And that's what you call fiction.

There, I came on stage left from beneath a potted palm just when you thought I was dead, dressed in a sequined gown, clapping my hands.
Sur-prise! C'est moi. Webfeet. No, honestly, I don't expect anyone to embrace me with open arms after such a long absence. Perhaps I really was dead. The only explanation I can offer is that I have been so sad, no, I mean it, really, really sad after this whole awful year, or a few Awful years that I thought, why write? Who cares?
Well, dont pull up a chair because I might keep you here forever. But the long and the short of it is that I did after a very long and difficult struggle of rewrites got an agent. A very good, francophile agent who made me do morer rewrites. Yay! I thought. Ive made it! Everryone will be so proud. That didnt happen. To answer your question, cher Jenerstor, Not yet, anyway. we went througha round of submisssions last year with all the still existing publishing houses and I was rejected, some nicer than others. I learned there was too much french, my flawed. comic heroine was "unlikable" by Penguin and they all just were like she'sirreverent and funny, but...no platform. I hate social media. Does that surprise anyone?

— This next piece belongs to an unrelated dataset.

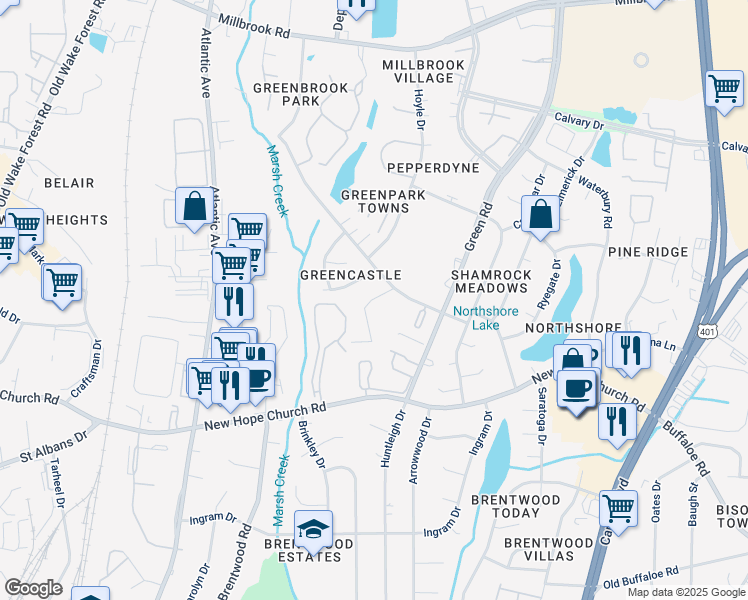 map of restaurants, bars, coffee shops, grocery stores, and more near 4225 Greencastle Court in Raleigh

So now we are down like in Agathe Christie's And Then There Were None, to a few editors who asked for rewrites. And now, begrudgingly, as part of my New Years rresolution, started a blog, Its not even running yet, but I have to pay someone in my yoga class to build it for me. i know, you think Im being cynical coming back here and that I sm going to promote my blog. I might.
But it was more like I really missed the days when I had fun writing and it wasnt being looked at by editors.

1060. webfeet - 3/2/2013 4:32:16 AM

Sorry for so many errors on the ipad.

Its like Helen Keller ballroom dancing.

But anyway, my heartfelt thanks for all the fun Ive had here, Alistair, Jenerstor, and Nuplanet and Marj and all those nice peopole, like Maria ne, and thougthful, and the list goes on and on. and Ill bbe in France in two weeks to bring the kids to see belle mere who is as evil as ever. so if you're in thesouth, look me up!

Gros bisous,

1061. thoughtful - 3/3/2013 3:24:16 PM

Great to hear from you webby....and don't mind about the blind editors...if they can't see your talent, we certainly can!

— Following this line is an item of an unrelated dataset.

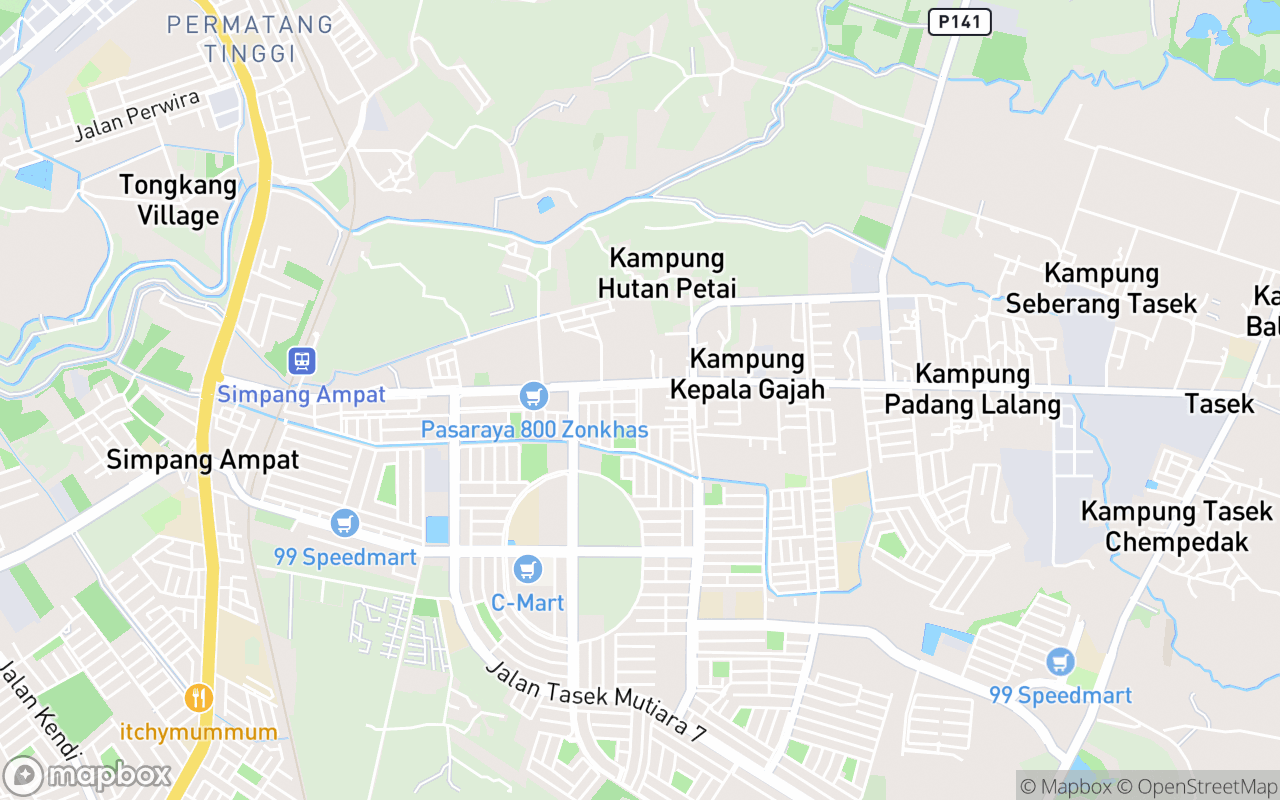 Map showing the location of Pasar Malam Khamis Bandar Tasek Mutiara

1062. Jenerator - 3/4/2013 6:59:07 PM

Webfeet,

I must echo what thoughtful said - we all certainly appreciate your talent. Think about it - it's been 15 years since I first started reading your writing and I always look for more!

Please push your blog once it's up and running. I'd love to read it!!

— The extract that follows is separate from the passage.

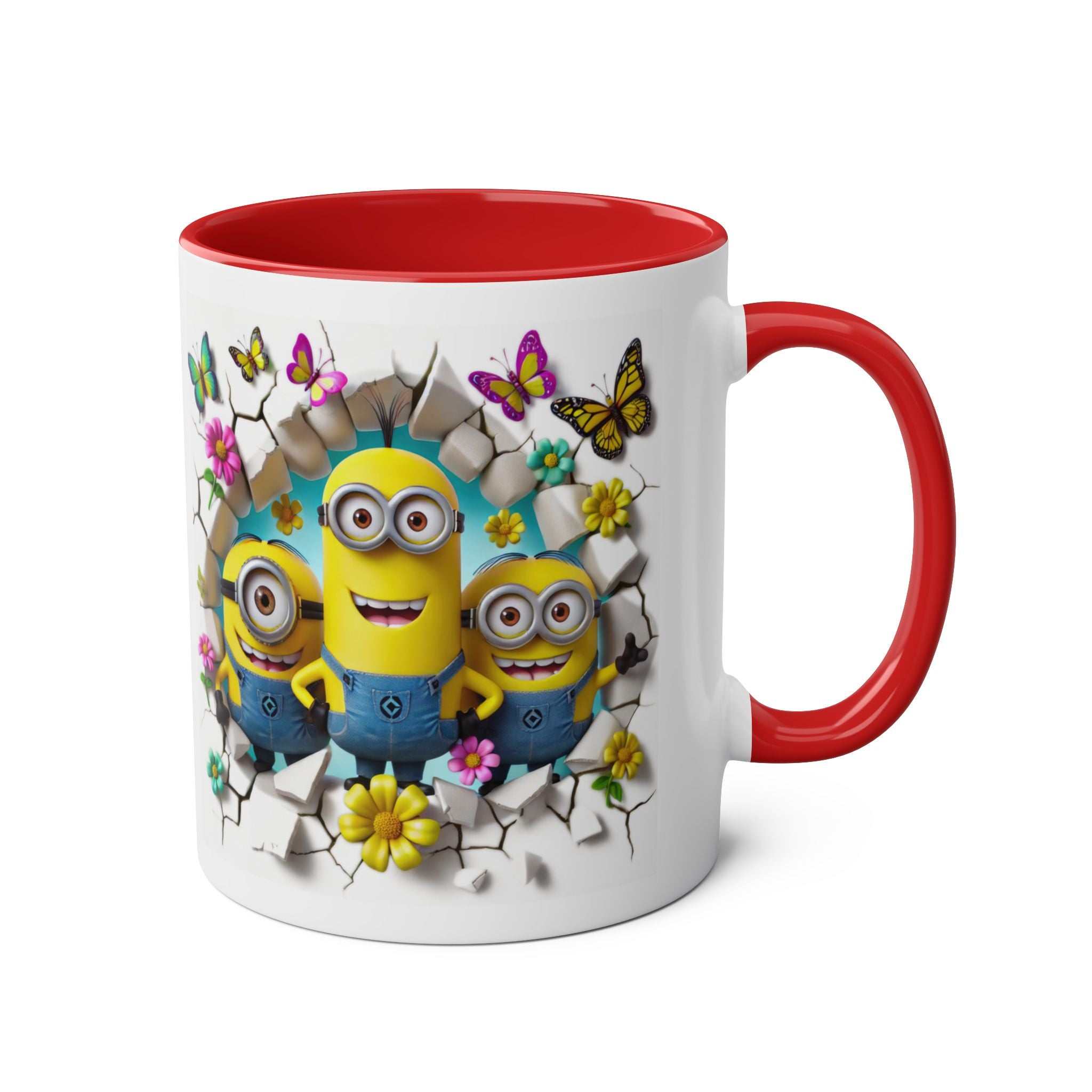 Minion Inspired Coffee Mug with colorful design, 11oz ceramic, red interior and handle.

1063. alistairconnor - 3/5/2013 4:58:24 PM

oh dear... But it was more like I really missed the days when I had fun writing and it wasnt being looked at by editors.

This, I suspect, is the inchoate motive that prevents me from even thinking about doing anything at all about getting published.

That, and being keenly aware that I haven't put in the ten thousand hours that you need to spend before you can be much good at anything.

Keep on persisting, sister.

1064. webfeet - 3/13/2013 2:39:42 AM

Hi, sorry, I meant to include Judith and Arky, in my return bonjour, and I am probably leaving out many others. Marj. Marianne. It was so fun here.

All of your words are really kind. Every time a new editor reads my work, I feel like I am being skinned alive. Today, I had (presumably this is interesting) the bipolar du jour eperience that is the equivalent of gargling with rum in the a.m. and the. shooting yourself up with heroin in the p.m.

A really shitty publisher, lets call them "The Loony Press of the Bay area" rejected my work today after stringing me a long for a month (italicize, please). They think Im too sarcastic and again, too much french. I was almost happy, actually, that theyd rejected me when my agent called sympathetically to tell me because my nine year old daughter and I both agreed they were clearly weirdoes. So I went to my daughter's parent/teacher conference, bought a bottle of Cupcake chardonnay and then really pondered failure, and it wasn't so bad. Happily married, two great kids, food, etcetera, cupcake chardonnay, etcetera. Six p.m. rolls along. And then bingo!

An email from my agent ---and another editor (a good one)--- is liking it. So its like back to crack, because by this time tomorrow I will have a forwArded rejection in my box, or maybe the next day. And so the cycle of gargling with rum begins again...and again.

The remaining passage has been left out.